Extracted data entries
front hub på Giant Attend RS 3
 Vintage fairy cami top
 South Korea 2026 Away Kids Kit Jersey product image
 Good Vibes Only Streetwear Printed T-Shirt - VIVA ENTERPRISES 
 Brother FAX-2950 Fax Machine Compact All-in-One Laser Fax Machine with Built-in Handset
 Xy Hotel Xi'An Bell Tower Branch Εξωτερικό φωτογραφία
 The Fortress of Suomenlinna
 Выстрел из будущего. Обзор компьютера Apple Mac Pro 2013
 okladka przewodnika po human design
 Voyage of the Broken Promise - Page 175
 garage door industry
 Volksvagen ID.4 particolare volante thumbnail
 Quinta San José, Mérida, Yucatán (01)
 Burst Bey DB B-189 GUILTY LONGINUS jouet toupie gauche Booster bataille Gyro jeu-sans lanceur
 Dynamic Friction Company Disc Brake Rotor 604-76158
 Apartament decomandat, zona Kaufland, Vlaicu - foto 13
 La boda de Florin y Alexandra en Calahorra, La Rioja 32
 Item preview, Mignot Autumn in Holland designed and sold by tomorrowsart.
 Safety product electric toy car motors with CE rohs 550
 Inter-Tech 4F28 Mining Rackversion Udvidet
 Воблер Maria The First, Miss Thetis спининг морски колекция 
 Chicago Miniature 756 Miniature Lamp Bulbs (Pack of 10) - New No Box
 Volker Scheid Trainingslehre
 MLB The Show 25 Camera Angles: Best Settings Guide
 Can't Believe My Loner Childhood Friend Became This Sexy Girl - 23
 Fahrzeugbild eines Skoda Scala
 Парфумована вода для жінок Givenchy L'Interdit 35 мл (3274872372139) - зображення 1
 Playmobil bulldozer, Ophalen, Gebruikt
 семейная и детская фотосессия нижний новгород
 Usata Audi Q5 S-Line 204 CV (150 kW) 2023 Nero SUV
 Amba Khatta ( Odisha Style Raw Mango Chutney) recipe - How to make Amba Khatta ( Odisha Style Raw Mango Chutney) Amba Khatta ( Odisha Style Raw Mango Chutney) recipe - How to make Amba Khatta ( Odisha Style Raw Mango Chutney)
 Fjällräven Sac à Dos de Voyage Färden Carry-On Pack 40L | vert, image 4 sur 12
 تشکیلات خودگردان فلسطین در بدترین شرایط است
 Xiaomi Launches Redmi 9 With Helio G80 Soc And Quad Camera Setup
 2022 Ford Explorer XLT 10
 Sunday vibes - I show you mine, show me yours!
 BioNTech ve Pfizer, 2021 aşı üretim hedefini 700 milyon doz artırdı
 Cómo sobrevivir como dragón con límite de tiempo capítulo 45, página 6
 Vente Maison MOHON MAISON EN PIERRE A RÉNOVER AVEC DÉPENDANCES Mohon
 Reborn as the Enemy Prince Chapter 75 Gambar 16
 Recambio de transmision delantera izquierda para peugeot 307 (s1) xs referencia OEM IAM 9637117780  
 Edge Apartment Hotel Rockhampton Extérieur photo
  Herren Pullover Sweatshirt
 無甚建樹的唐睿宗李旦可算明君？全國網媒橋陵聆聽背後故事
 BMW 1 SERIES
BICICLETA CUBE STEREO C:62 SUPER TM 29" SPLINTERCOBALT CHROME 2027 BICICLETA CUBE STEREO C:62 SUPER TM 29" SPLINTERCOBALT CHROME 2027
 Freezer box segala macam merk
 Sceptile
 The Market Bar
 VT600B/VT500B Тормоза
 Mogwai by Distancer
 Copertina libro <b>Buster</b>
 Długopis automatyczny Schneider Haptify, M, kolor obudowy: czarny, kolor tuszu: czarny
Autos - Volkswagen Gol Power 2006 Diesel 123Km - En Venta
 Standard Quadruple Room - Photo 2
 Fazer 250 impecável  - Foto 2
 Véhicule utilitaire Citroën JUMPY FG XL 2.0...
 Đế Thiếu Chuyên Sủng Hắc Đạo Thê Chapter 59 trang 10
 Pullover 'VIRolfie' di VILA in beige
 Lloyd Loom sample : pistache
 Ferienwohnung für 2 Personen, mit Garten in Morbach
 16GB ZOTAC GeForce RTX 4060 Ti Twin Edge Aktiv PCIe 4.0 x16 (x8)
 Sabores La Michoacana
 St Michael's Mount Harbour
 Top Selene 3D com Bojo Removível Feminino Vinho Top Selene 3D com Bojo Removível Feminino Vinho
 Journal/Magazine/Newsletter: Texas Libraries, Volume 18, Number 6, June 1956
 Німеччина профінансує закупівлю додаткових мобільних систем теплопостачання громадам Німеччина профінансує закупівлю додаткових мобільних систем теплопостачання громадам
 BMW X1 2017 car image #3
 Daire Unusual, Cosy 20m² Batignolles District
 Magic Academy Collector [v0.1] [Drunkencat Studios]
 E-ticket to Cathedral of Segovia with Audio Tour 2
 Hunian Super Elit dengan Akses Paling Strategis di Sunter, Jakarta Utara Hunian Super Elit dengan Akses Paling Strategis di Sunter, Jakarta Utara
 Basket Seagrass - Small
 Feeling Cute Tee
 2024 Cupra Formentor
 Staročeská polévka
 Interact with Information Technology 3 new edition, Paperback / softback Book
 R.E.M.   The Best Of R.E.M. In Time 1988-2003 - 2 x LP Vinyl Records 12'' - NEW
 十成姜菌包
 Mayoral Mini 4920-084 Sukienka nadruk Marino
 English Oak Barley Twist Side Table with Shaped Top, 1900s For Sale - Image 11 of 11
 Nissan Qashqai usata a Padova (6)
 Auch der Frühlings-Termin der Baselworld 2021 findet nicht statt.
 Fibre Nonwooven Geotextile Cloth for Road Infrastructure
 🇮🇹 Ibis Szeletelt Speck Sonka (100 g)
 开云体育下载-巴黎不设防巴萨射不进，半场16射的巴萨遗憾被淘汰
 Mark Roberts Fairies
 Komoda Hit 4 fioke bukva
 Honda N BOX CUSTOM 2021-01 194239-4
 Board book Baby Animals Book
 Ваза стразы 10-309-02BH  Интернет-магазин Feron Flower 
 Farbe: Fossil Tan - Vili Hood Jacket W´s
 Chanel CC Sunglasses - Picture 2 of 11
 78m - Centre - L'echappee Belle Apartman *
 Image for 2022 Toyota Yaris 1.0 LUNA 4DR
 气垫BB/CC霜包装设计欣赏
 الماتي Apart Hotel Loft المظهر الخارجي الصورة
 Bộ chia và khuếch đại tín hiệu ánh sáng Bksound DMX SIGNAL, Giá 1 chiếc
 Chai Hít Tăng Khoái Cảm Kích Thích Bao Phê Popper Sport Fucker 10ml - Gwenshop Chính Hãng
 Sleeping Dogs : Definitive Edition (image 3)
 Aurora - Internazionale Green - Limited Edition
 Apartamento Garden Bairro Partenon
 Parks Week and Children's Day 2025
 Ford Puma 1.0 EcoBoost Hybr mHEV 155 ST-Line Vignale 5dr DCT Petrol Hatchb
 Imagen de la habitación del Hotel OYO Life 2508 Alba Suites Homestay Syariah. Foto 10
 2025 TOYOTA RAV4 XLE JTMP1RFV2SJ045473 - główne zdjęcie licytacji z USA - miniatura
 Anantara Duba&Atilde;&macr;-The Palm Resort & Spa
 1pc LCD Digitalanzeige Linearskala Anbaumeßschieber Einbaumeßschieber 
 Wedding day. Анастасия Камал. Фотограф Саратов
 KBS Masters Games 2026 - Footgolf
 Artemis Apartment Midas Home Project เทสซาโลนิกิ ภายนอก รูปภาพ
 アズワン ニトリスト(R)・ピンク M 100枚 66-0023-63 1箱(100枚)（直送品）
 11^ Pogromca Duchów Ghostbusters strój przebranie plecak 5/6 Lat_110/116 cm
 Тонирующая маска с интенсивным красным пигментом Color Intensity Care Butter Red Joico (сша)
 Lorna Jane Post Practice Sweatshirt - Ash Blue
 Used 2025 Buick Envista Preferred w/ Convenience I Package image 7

- [BRIEF]: Check every line of the data for the word "Apartment". The response is the count alone.

- [ANSWER BOX]: 2